When used alone, like this:

__asm__ __volatile__ ("")

It will not actually execute anything. You can extend this, though, to get a
compile-time memory barrier that won't allow reordering any memory access
instructions:

__asm__ __volatile__ ("":::"memory")

The rdtsc instruction is a good example for volatile. rdtsc is usually used
when you need to time how long some instructions take to execute. Imagine some
code like this, where you want to time r1 and r2's execution:

__asm__ ("rdtsc": "=a" (a0), "=d" (d0) )

r1 = x1 + y1;

__asm__ ("rdtsc": "=a" (a1), "=d" (d1) )

r2 = x2 + y2;

__asm__ ("rdtsc": "=a" (a2), "=d" (d2) )

Here the compiler is actually allowed to cache the timestamp, and valid output
might show that each line took exactly 0 clocks to execute. Obviously this
isn't what you want, so you introduce __volatile__ to prevent caching:

__asm__ __volatile__("rdtsc": "=a" (a0), "=d" (d0))

r1 = x1 + y1;

__asm__ __volatile__("rdtsc": "=a" (a1), "=d" (d1))

r2 = x2 + y2;

__asm__ __volatile__("rdtsc": "=a" (a2), "=d" (d2))

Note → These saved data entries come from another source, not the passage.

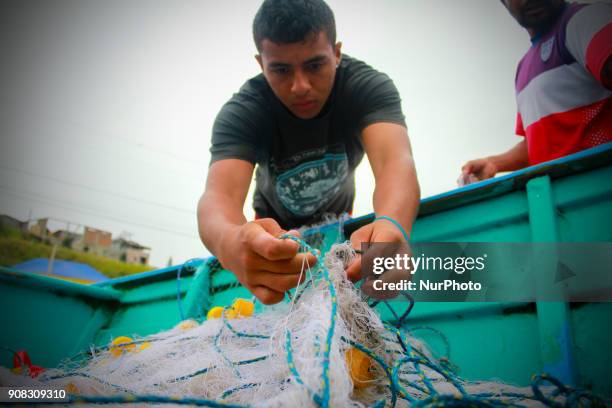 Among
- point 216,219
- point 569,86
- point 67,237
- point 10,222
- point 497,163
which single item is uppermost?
point 67,237

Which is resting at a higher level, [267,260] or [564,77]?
[564,77]

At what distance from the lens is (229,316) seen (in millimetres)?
1170

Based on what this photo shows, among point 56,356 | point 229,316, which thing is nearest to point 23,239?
point 56,356

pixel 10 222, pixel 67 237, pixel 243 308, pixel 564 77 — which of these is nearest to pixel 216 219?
pixel 243 308

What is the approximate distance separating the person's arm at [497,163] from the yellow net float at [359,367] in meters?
1.38

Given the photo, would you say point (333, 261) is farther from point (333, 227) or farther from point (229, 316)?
point (333, 227)

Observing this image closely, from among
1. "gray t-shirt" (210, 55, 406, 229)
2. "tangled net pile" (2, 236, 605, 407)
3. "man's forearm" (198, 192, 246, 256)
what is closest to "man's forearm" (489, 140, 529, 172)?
"gray t-shirt" (210, 55, 406, 229)

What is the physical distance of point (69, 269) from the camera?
14672 mm

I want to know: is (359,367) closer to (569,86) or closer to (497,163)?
(569,86)

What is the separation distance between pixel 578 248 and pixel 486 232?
0.27 metres

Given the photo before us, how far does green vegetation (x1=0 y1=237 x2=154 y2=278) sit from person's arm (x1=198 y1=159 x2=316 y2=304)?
1314cm

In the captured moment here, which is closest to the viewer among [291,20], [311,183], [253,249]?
[253,249]

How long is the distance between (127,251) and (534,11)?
19.6 m

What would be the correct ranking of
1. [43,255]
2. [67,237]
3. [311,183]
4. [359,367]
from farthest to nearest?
[67,237], [43,255], [311,183], [359,367] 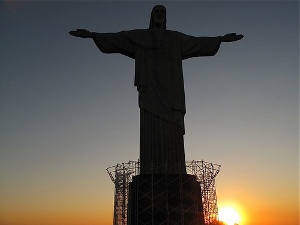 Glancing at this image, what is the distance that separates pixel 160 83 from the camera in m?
14.5

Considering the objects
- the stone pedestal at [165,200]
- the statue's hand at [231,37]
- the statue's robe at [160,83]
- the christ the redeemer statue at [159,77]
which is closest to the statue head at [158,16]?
the christ the redeemer statue at [159,77]

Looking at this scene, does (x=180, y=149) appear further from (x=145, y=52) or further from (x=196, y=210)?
(x=145, y=52)

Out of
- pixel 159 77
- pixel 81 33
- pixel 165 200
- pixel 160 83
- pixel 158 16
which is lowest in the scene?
pixel 165 200

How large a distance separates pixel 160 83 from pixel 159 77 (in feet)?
0.83

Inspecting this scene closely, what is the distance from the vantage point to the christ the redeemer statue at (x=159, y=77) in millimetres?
13383

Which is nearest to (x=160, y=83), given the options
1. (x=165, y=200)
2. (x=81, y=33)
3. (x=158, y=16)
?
(x=158, y=16)

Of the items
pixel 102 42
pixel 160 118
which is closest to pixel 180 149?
pixel 160 118

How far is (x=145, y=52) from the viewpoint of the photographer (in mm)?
15031

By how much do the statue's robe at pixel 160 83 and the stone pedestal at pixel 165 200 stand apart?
39cm

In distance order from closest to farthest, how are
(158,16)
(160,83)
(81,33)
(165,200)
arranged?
(165,200) → (160,83) → (81,33) → (158,16)

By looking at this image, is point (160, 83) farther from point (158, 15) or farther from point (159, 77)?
point (158, 15)

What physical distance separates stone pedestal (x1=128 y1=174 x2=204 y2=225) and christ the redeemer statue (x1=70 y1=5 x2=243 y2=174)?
0.41 metres

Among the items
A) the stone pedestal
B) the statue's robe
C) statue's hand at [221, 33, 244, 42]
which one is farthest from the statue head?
the stone pedestal

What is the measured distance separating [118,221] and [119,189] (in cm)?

Now you'll get a new timestamp each time, but it still has a problem that both
the compiler and the CPU are allowed to reorder all of these statements. It
could end up executing the asm blocks after r1 and r2 have already been
calculated. To work around this, you'd add some barriers that force
serialization:

__asm__ __volatile__("mfence;rdtsc": "=a" (a0), "=d" (d0) :: "memory")

r1 = x1 + y1;

__asm__ __volatile__("mfence;rdtsc": "=a" (a1), "=d" (d1) :: "memory")

r2 = x2 + y2;

__asm__ __volatile__("mfence;rdtsc": "=a" (a2), "=d" (d2) :: "memory")

Note the mfence instruction here, which enforces a CPU-side barrier, and the
"memory" specifier in the volatile block which enforces a compile-time
barrier. On modern CPUs, you can replace mfence:rdtsc with rdtscp for
something more efficient."